Wednesday, January 16, 2008


Qualities, in the sense of Musil's book, seem to have a vague, mutable, or almost ironic meaning. Within the small portion of the text which we have read we learn very little of Ulrich, yet before the reader is introduced to him formally we come to know him as "The Man Without Qualities". This is a loud title that upon a cursory glance conjures various potential meanings. Is this to say that Ulrich is unprincipled, is he vacuous? Before delving into the events of Ulrich's life or his thoughts Musil gives his readers details regarding Ulrich's father, and through him a vague notion what "qualities" might mean to upstanding, middle class, 19th century Viennese society. As an industrious member of the middle class Ulrich's father represents a man who possesses “qualities”. He is driven, he is industrious, and he is patriotic. Ulrich, on the other hand, exhibits quite different traits. He is unmotivated in is field, he lives in a house far to extravagant for his single person, and even at a young age, we learn, he already exhibited signs of his skepticism, in his seemingly unpatriotic views of his homeland empire.

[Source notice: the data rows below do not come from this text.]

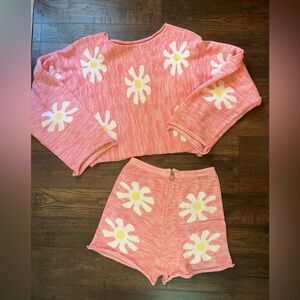 Pink and White Daisy sweater shorts set from Amazon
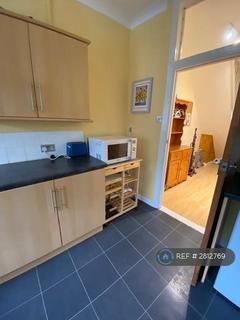 4 bedroom terraced house to rent, Grayshott Road, Southsea, PO4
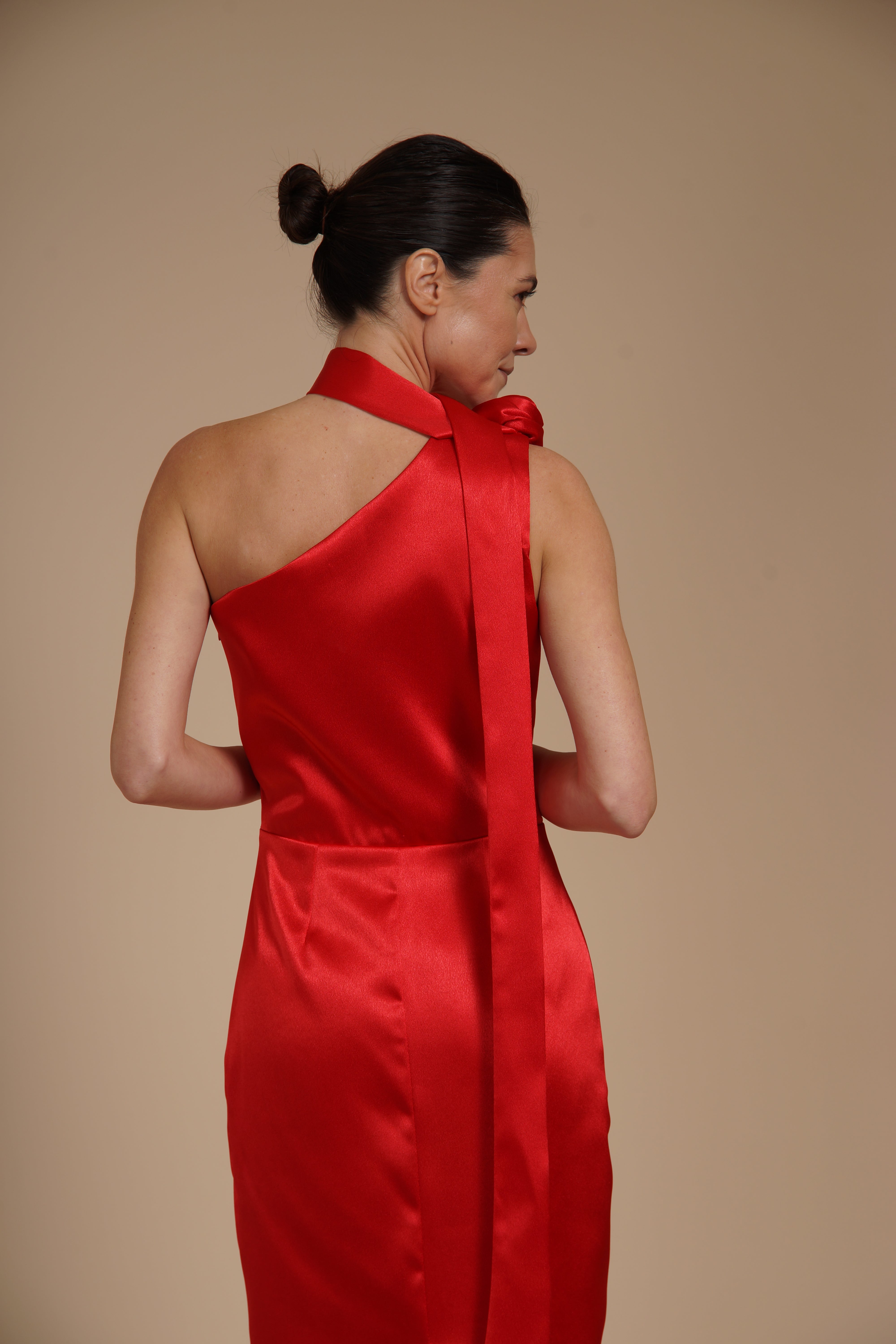 Rochie Rosie midi eleganta din satin pe umar, cu detaliu floral si croiala midi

As a man who lives outside the expectations, values, and habits of his father’s generation he is, by their definition, a man without qualities. Yet even at this early stage in the story we have begun to see the thoughtful, curious, and individual aspects of his character, thus evidencing the aforementioned notion of irony implicit in his title.

1 comment:

wrennick said...

I also felt as though the title carried an almost ironic tone. How can a person be completely and utterly without qualities? why introduce them as such? It is as though we aren't to be given the opportunity to judge Ulrich for ourselves, because he is The Man Without Qualities before we even know his name.